8. Use the data in WAGE2.dta to estimate a simple regression explaining monthly salary(wage) in terms of IQ score (IQ).
a. Find the average salary and average IQ in the sample. What is the sample standard deviation of IQ? (IQ scores are standardized so that the average in the population is 100 with a standard deviation equal to 15.)
b. Estimate a simple regression model where a one-point increase in IQ changes wage by a constant dollar amount. Use this model to find the predicted increase in wage for an increase in IQ of 15 points. Does IQ explain most of the variation in wage? ? Is the coefficient statistically significantly different from zero at the 1% level?
c. Now, estimate a model where each one-point increase in IQ has the same percentage effect on wage. If IQ increases by 15 points, what is the approximate percentage increase in predicted wage? Use the 95% confidence interval to conclude whether the coefficient statistically significantly different from zero at the 5% level and explain.
9. Use MEAP93.dta to explore the relationship between the math pass rate (math10) and spending per student (expend). math10 denote the percentage of tenth graders at a high school receiving a passing
score on a standardized mathematics exam. Suppose we wish to estimate the effect of spending per student (expend) on student performance. If anything, we expect the spending per student to have a positive ceteris paribus (i.e., all other factors being equal) effect on performance because money can go toward purchasing more books and computers, hiring better qualified teachers, implementing nicer facilities, and so on.
a. Do you think each additional dollar spent has the same effect on the pass rate, or does a diminishing effect seem more appropriate? Explain.
ECO 480 Econometrics I
Problem Set 5
Due: Monday, November 30, 2015 (beginning of the class)
5
b. In the population model math10 = β0 + β1log(expend) + u, argue that β1/10 is the percentage point change in math10 given a 10% increase in expend.

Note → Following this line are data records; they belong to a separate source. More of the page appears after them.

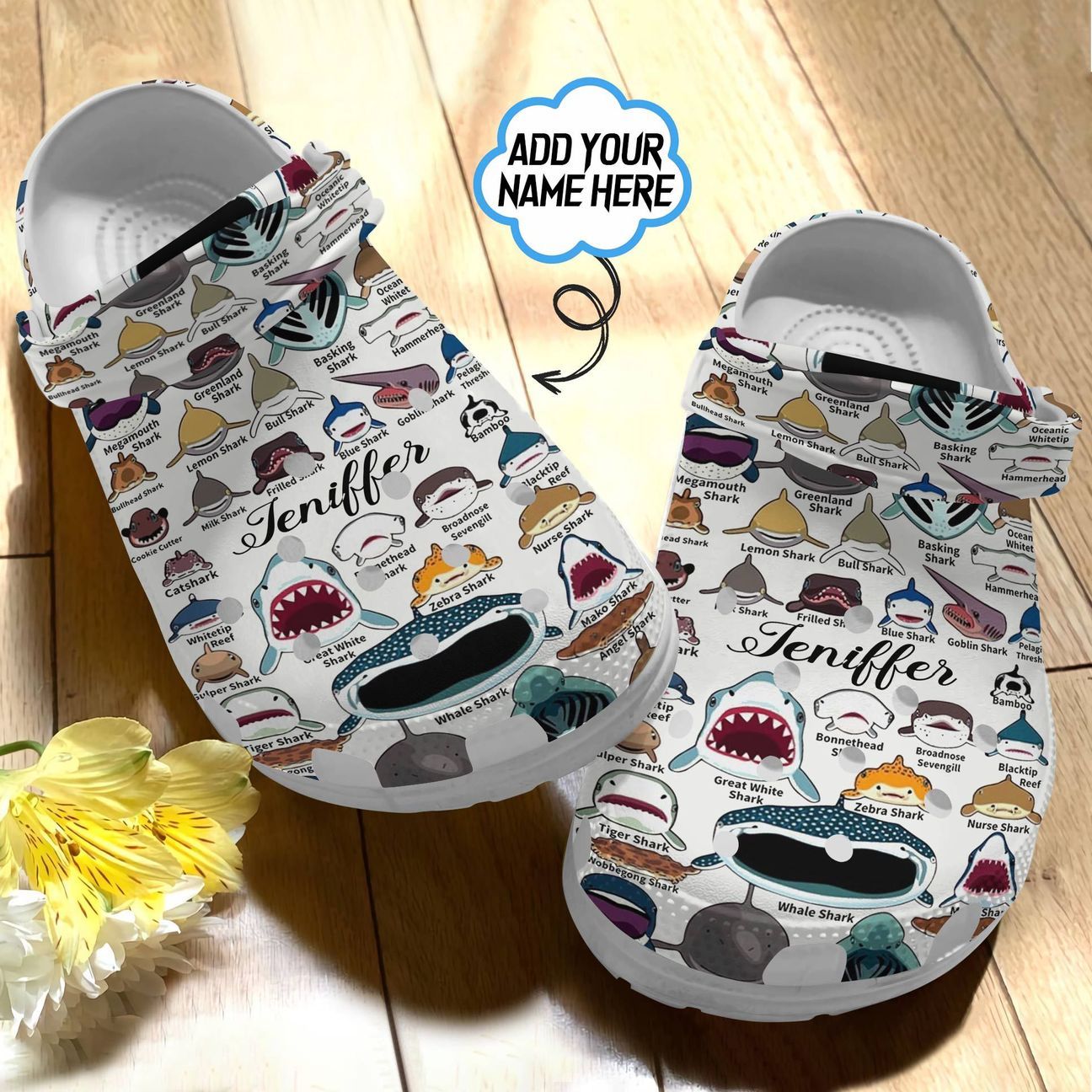 Shark Personalized Personalize Clog, Custom Name, Text, Fashion Style For Women, Men, Kid, Print 3D Whitesole Shark Face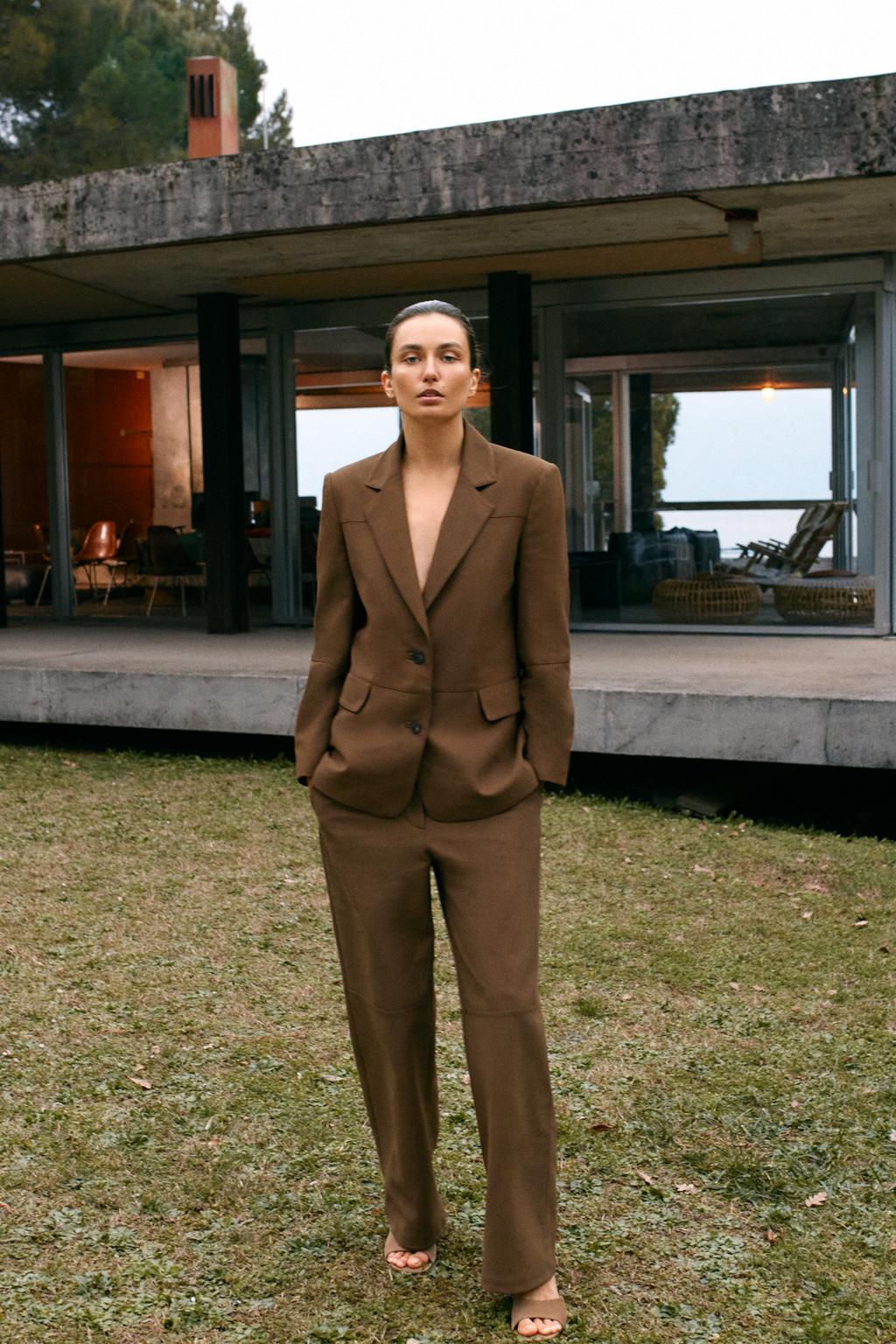 Thumbnail image for FAUX SUEDE STRAIGHT BLAZER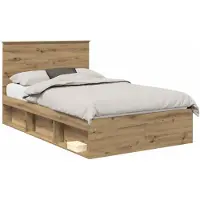 vidaXL Bedframe Ambachtelijk Eiken 135 x 190 cm Massief grenenhout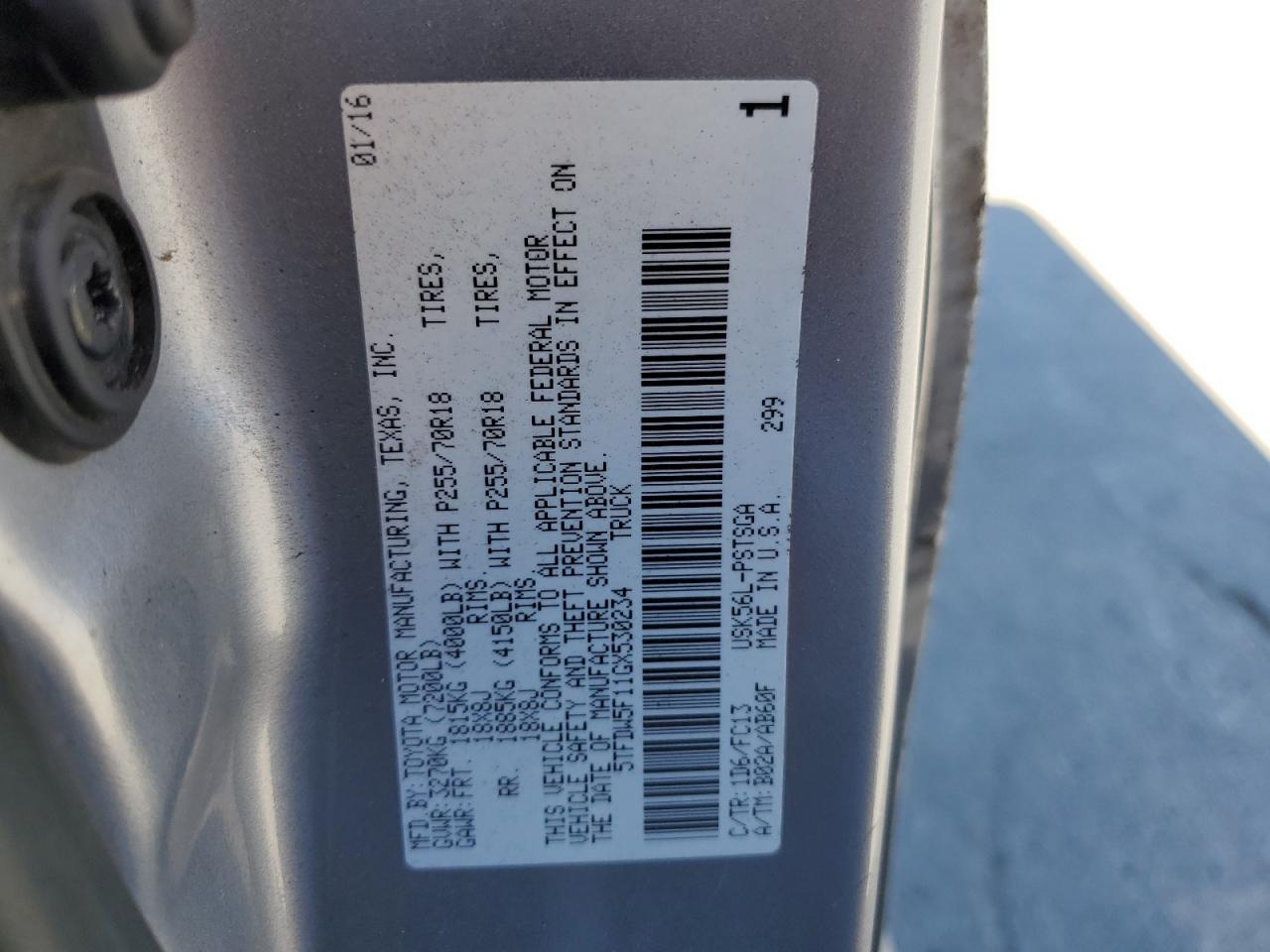 2016 Toyota Tundra Crewmax Sr5 VIN: 5TFDW5F11GX530234 Lot: 70534895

c. Use the data in MEAP93.RAW to estimate the model from part (b). Report the estimated equation in the usual way, including the standard error, sample size and R-squared.
d. Is the effect statistically significant at the 10, 5, and 5% level? Explain.
e. Interpret the coefficient and the R-squared.
f. How big is the estimated spending effect? Namely, if spending increases by 10%, what is the estimated percentage point increase in math10?
g. One might worry that regression analysis can produce fitted values for math10 that are greater than 100. Why is this not much of a worry in this data set? [Hint: What is the largest value of math10?]